Opens June 25, 2014 at Laemmle Theaters –Los Angeles

Cast: Estelle Bajou, Zack Gold, Benner Visso, Kurdo Galali, Taies Farzan, Enwer Shekhani

Director-screenwriter-producer-editor: Jano Rosebiani

Director of photography: Jonas Sacks

Composers: Ciwan Haco, Agire Jiyan, Rodja, Mehmet Atli, Semir Ali

One Candle, Two Candles

One Candle, Two Candles, a visually outstanding film by Rosebiani explores the universal problem of forced marriage, particularly child betrothals in a Kurdish town. The story is told through a melodrama. A young 15 year old girl, Viyan (Katin Ender) falls victim to the barbaric tradition of forced marriage. Her pusillaminous, sycophant and greedy father lured by a rich dowry promised by a wealthy local businessman, Haji Hemmo (Enwer Shekhani), forces his young daughter to marry the polygamous man who is old enough to be her grandfather. The defenseless child bride defies such an injustice. On the eve of the wedding she flees the bridal chamber and in desperation climbs a tree from which she adamantly refuses to come down, causing great embarrassment for the much revered Haji, who becomes laughingstock of the townsfolk, including the town’s buffoon.  The increasingly disgruntled and wrathful Haji becomes more abusive, resorting to brutal beatings and raping of the underage girl.  He goes so far to attempt to set her on fire in a fireplace, not realizing that Viyan had managed to crawl out and subsequently helped by Haji’s two other wives.
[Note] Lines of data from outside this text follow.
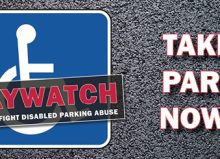 Image of wheelchair symbol with words baywatch - help us fight disabled parking abuse. Take part now!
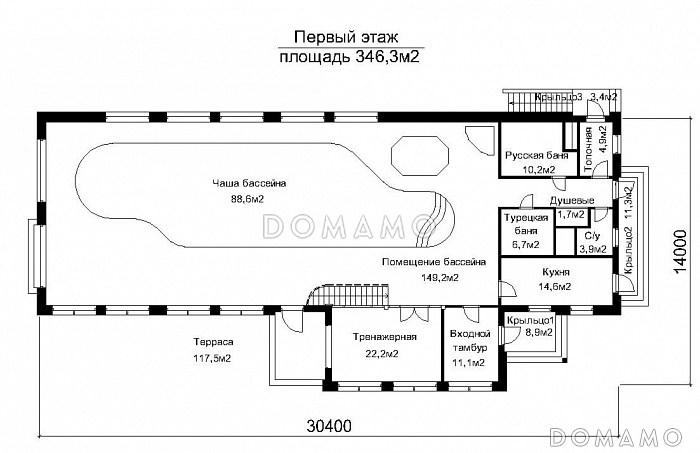 Проект отдельностоящего баcсейна с подвалом / План 1 этажа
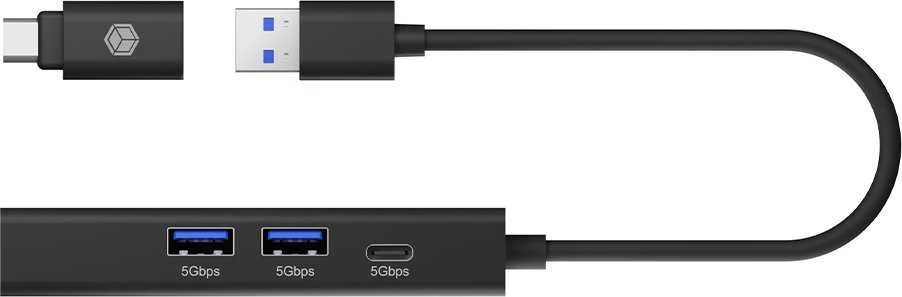 RAD ICY BOX IB-HUB1439-LAN Vielinis USB 3.2 Gen 1 (3.1 Gen 1) Type-A Juoda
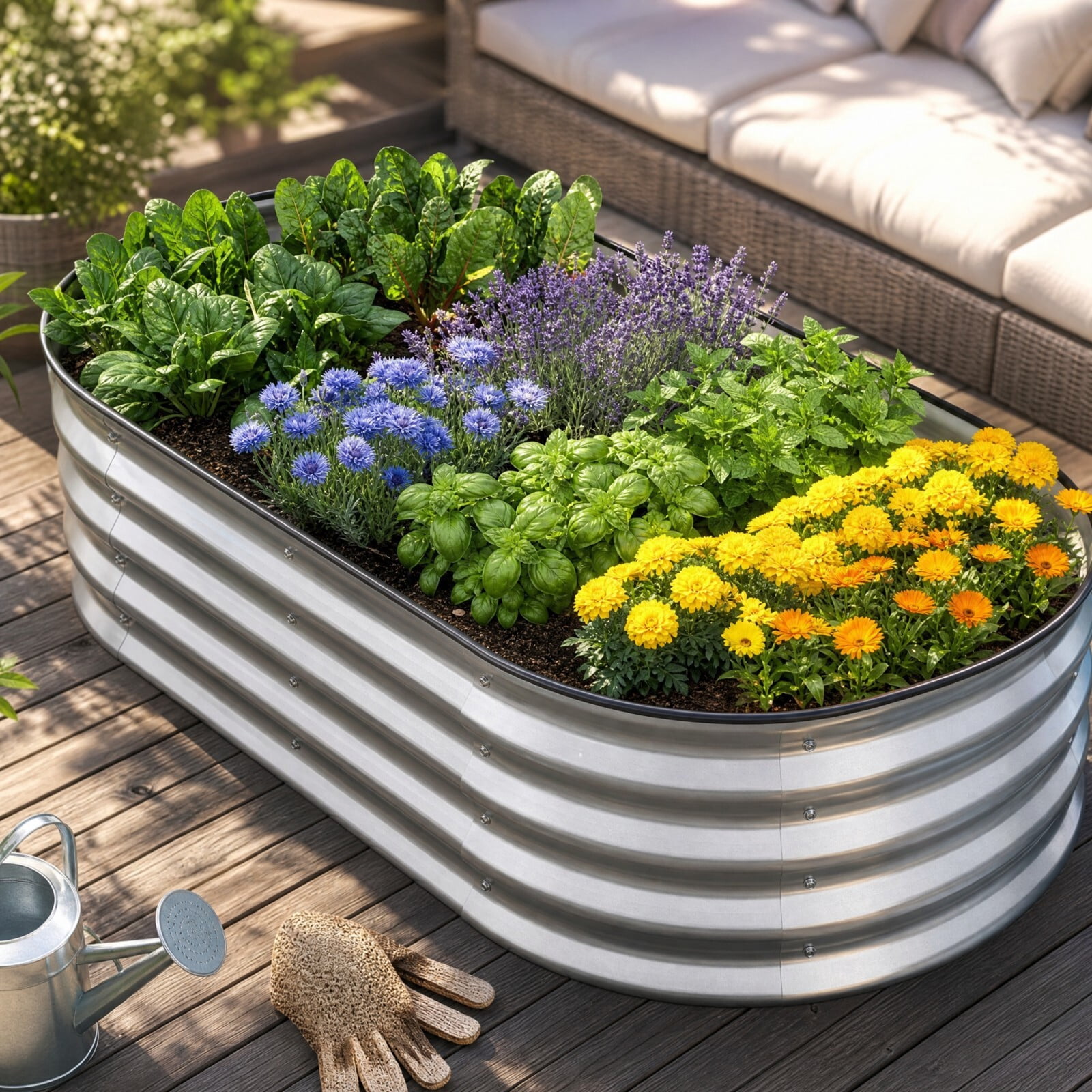 Kelno Galvanized Metal Raised Garden Bed 4x2x1ft Outdoor Planter Box for Vegetables Flowers Herbs Open Bottom Oval Raised Bed, Silver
A number of characters, most of whom play their assigned roles well, create a seemingly jocular context for the melodrama: Botan (Perwer Tariq), a travelling artist who falls in love with Viyan, a sphephard who prays to God for a new pair of shoes, a hunchback flasher, Dino, the village buffoon, and most notably, the ubiquitous Kitan (Mina Ibrahimzadeh) known and feared by boys as the “Ball Buster” for the type of death she had inflicted on her violent husband. The power and magic of love prevails in the end as Viyan, despite many ordeals, succeeds in eloping with Botan. Kitan finds her way into the Haji’s house; his shrill cries reecho through the hillside while Viyan, Botan and some other townsfolk are dancing on a bridge right before the two lovers elope on a motor cycle. The film despite its occasionally misplaced humor, succeeds in warning the Kurdish society against the agony and atrocity that young girls are subjected to; many are not are not as lucky as Viyan was to escape their tormenting lives.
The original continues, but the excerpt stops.